**YOUR INSTRUCTIONS:** Leave out every picture, and restate word for word only the lines from the one containing "2016 SUZUKI VITARA 2016 SUZUKI VITARA" through the end of the material.

**DATA EXTRACT:**
---------------
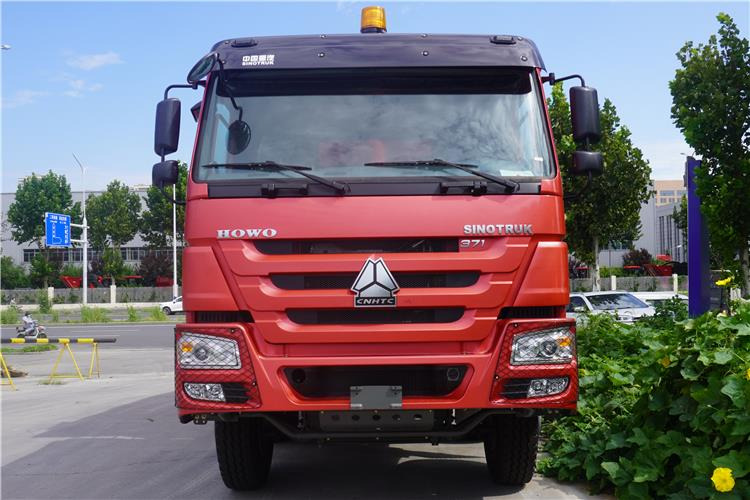 SINOTRUK Used Howo 371 HP Tipper Truck for Sale Price In Ghana - Camião basculante: foto 4 SINOTRUK Used Howo 371 HP Tipper Truck for Sale Price In Ghana - Camião basculante: foto 4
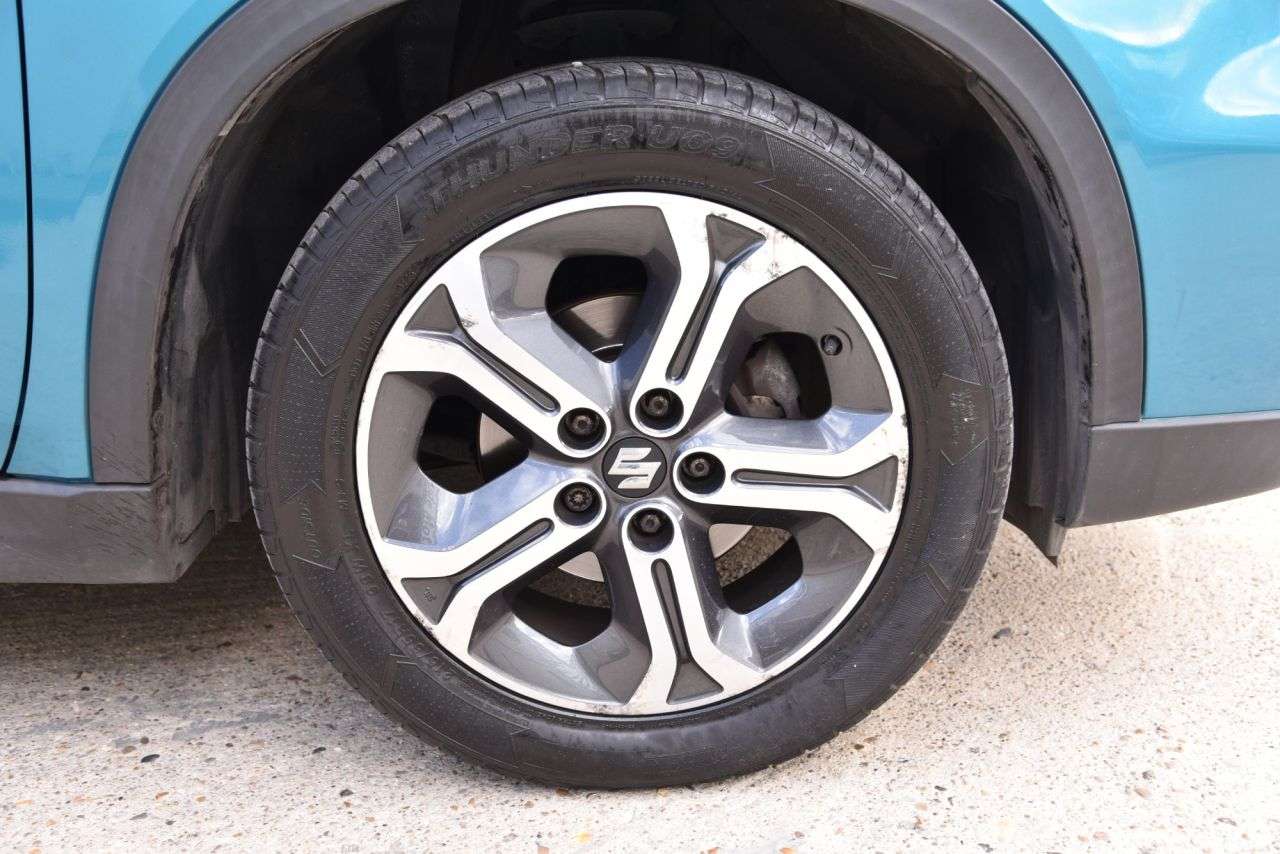 2016 SUZUKI VITARA 2016 SUZUKI VITARA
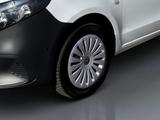 Mercedes-Benz Vito 116 CDI Kasten Lang Klima+Kamera+Navi+Sitzh - Mercedes-Benz Vito: Kasten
---------------
**THE COMPLETED TASK:**
 2016 SUZUKI VITARA 2016 SUZUKI VITARA
 Mercedes-Benz Vito 116 CDI Kasten Lang Klima+Kamera+Navi+Sitzh - Mercedes-Benz Vito: Kasten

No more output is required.